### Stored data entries
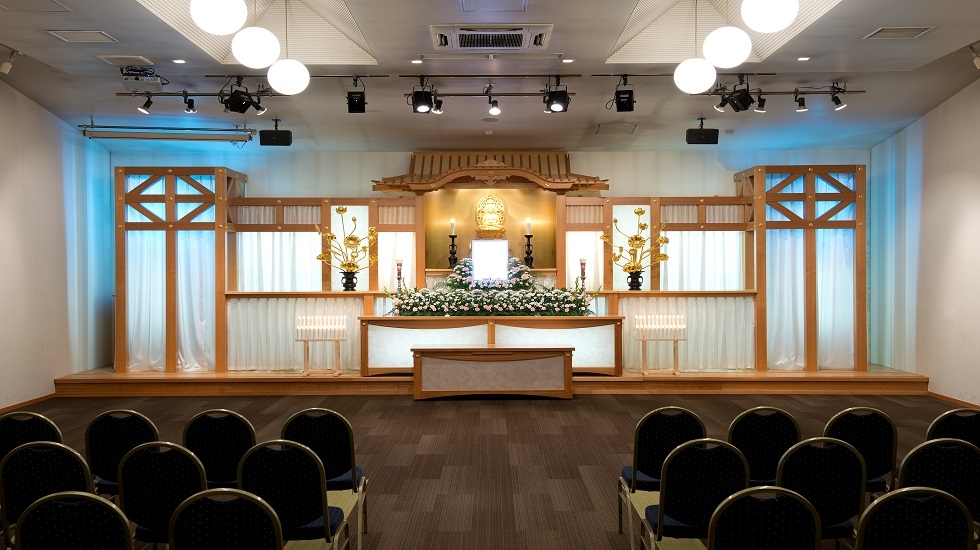 アク・サン余目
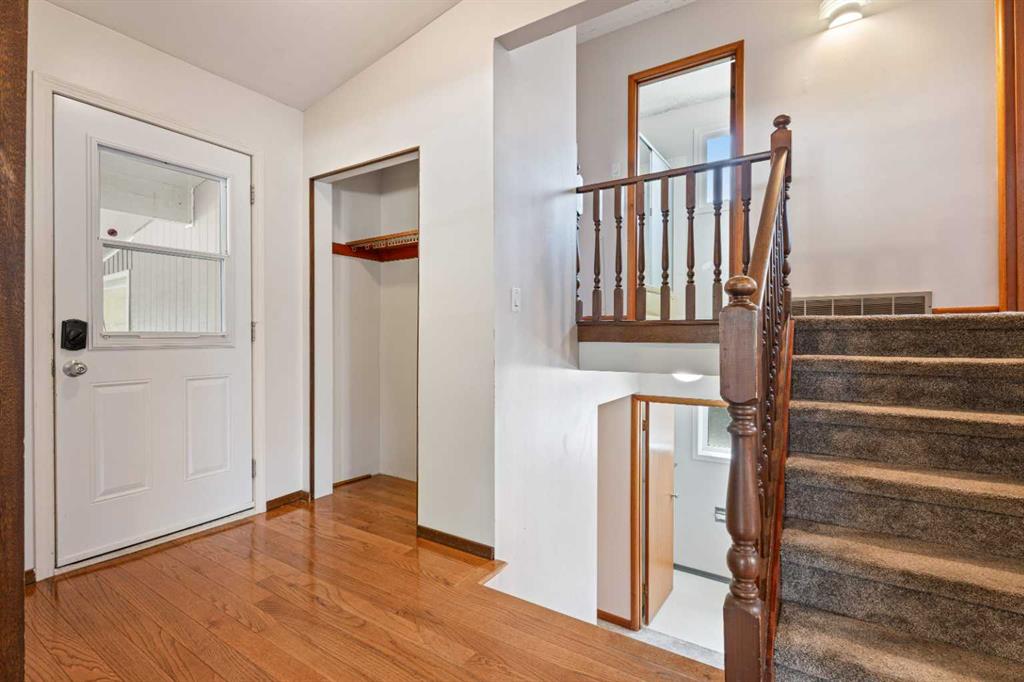 Picture for 77 Winslow Crescent SW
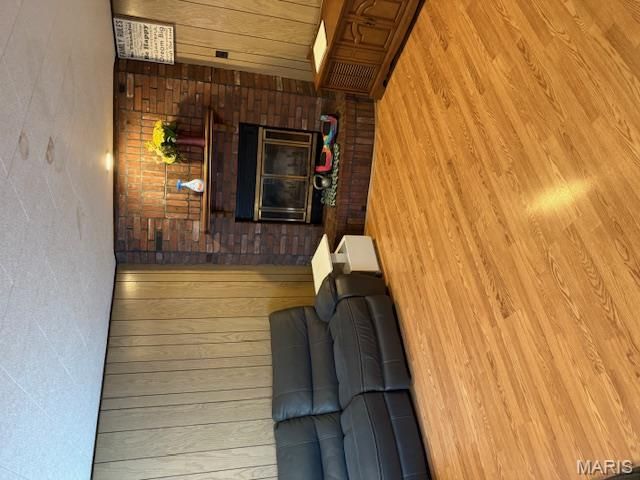 1805 Aqueduct Drive, Florissant, MO 63033
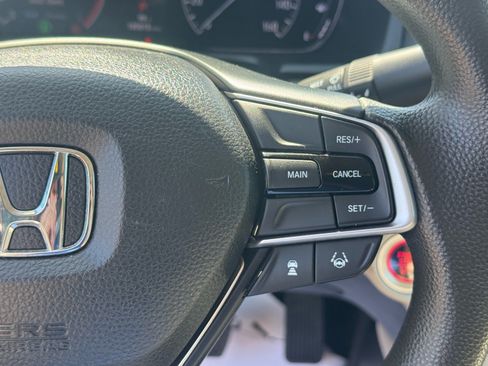 Used 2018 Honda Accord EX image 19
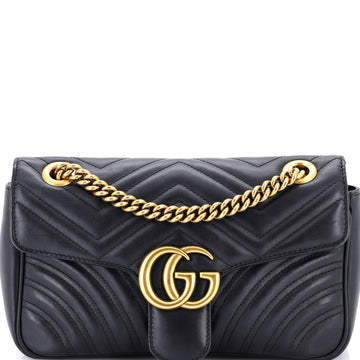 Gucci GG Marmont Flap Bag Matelasse Leather Medium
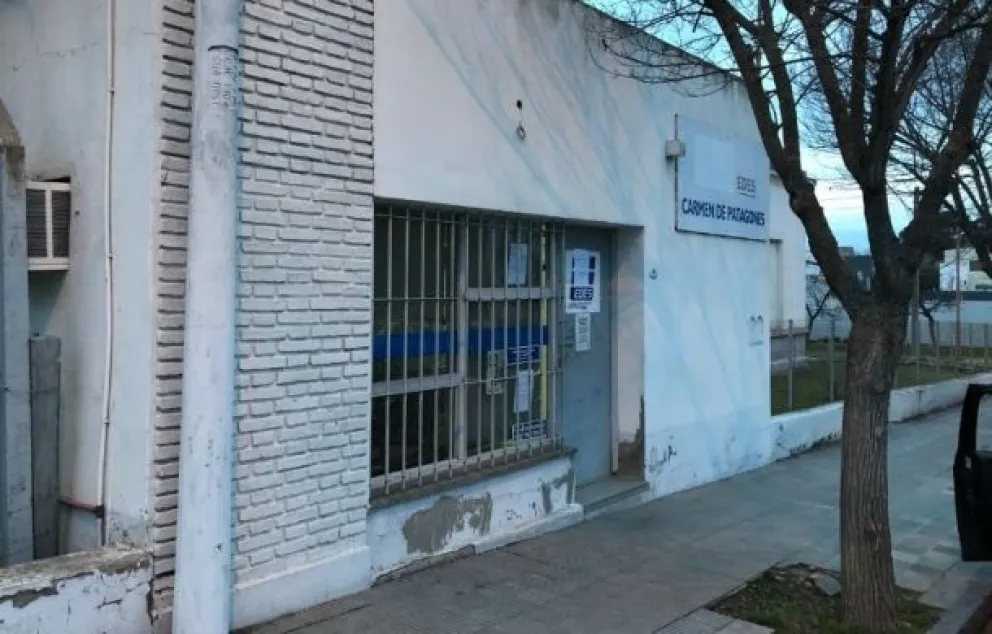 El personal de la empresa trabajó hasta restablecer el servicio. 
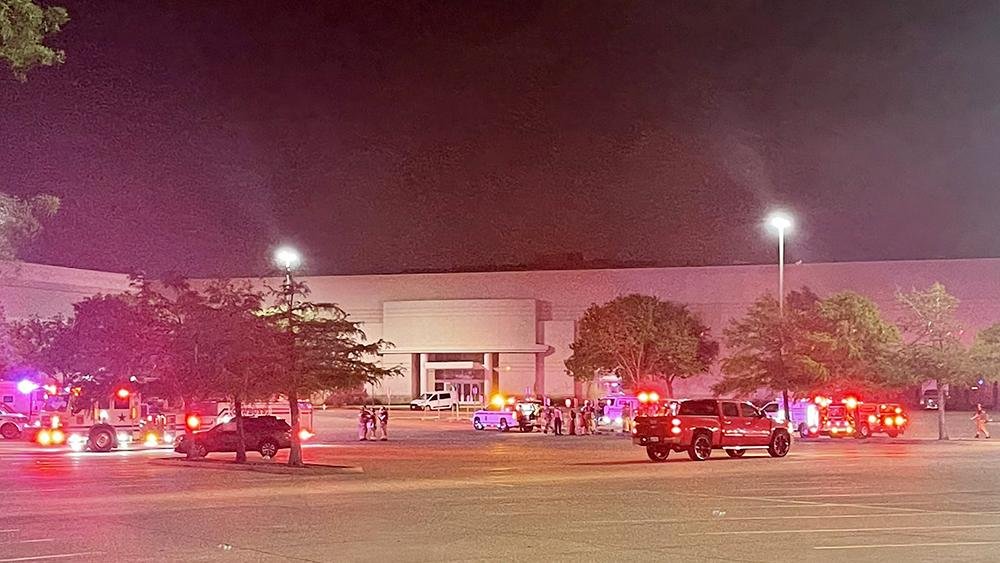 Un polica se hallaba en el centro comercial por otro caso cuando se produjo el tiroteo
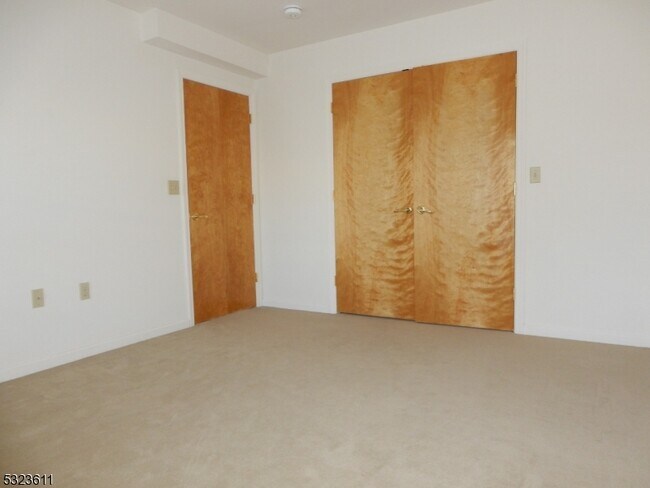 Building Photo - 28 Jane Dr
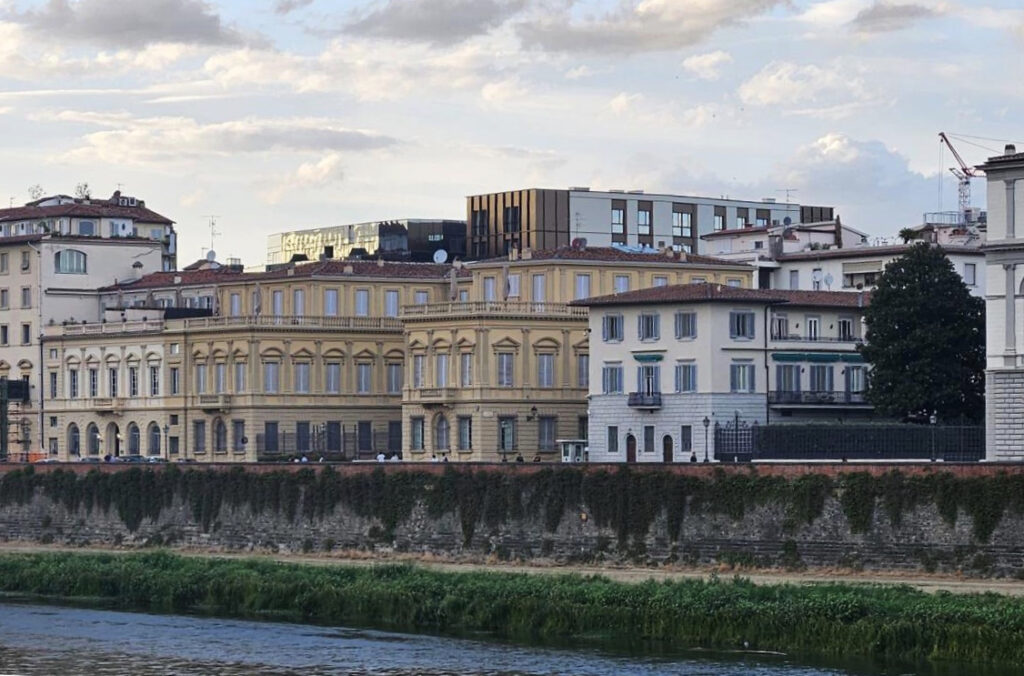 cubo nero Firenze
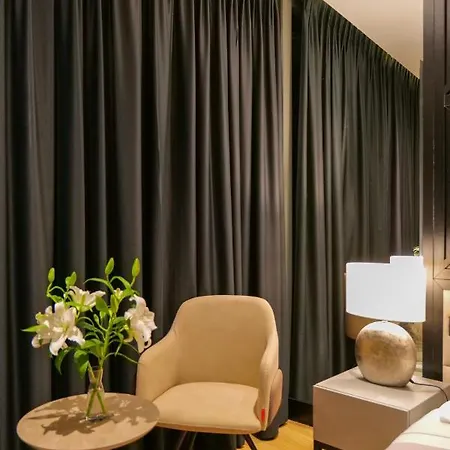 Miramare Szálloda 4*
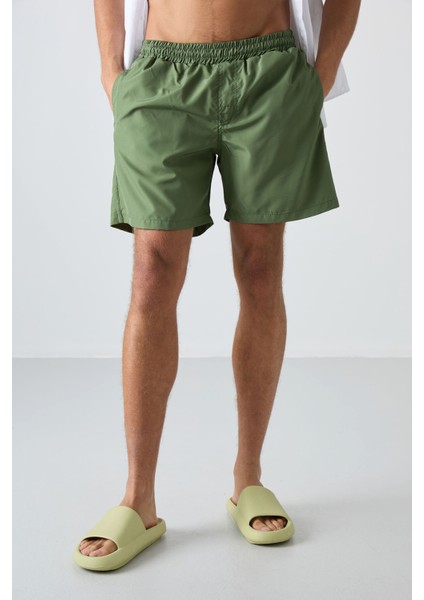 Haki Hızlı Kuruyan Standart Fit Erkek Deniz Şortu - 81237 fırsatları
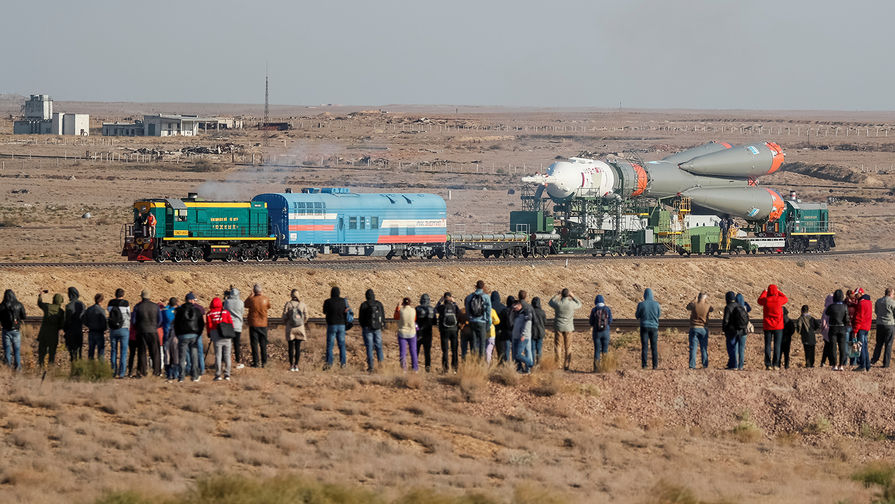 Ракета-носитель «Союз-ФГ» с пилотируемым кораблем «Союз МС-15» во время вывоза из монтажно-испытательного корпуса на стартовую площадку на Байконуре, 22 сентября 2019 года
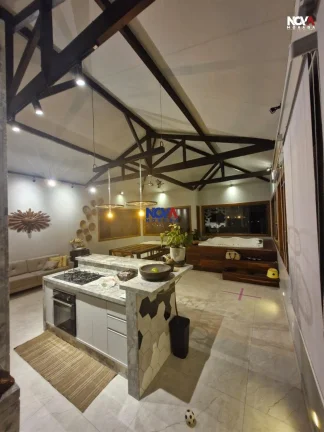 Imagem Conheça esta deslumbrante casa triplex, com 280m de área privativa, localizada no condomínio no R...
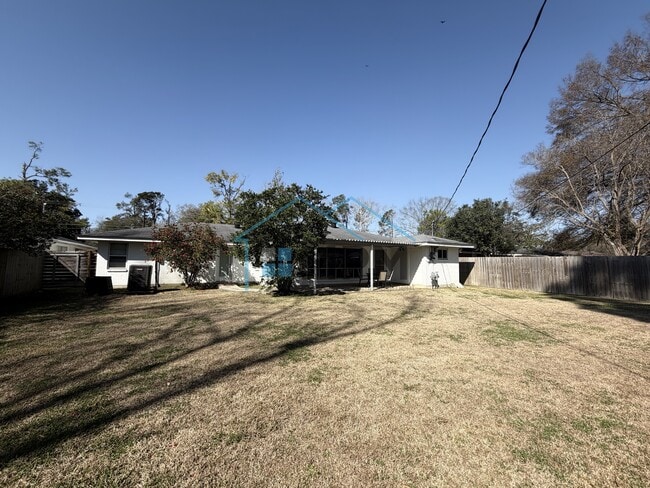 Building Photo - 1706 Lexington Ave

### WORK INSTRUCTIONS
Your reply must reproduce all of the entries exactly and contain no pictures.

### EXERCISE SOLUTION
 アク・サン余目
 Picture for 77 Winslow Crescent SW
 1805 Aqueduct Drive, Florissant, MO 63033
 Used 2018 Honda Accord EX image 19
 Gucci GG Marmont Flap Bag Matelasse Leather Medium
 El personal de la empresa trabajó hasta restablecer el servicio. 
 Un polica se hallaba en el centro comercial por otro caso cuando se produjo el tiroteo
 Building Photo - 28 Jane Dr
 cubo nero Firenze
 Miramare Szálloda 4*
 Haki Hızlı Kuruyan Standart Fit Erkek Deniz Şortu - 81237 fırsatları
 Ракета-носитель «Союз-ФГ» с пилотируемым кораблем «Союз МС-15» во время вывоза из монтажно-испытательного корпуса на стартовую площадку на Байконуре, 22 сентября 2019 года
 Imagem Conheça esta deslumbrante casa triplex, com 280m de área privativa, localizada no condomínio no R...
 Building Photo - 1706 Lexington Ave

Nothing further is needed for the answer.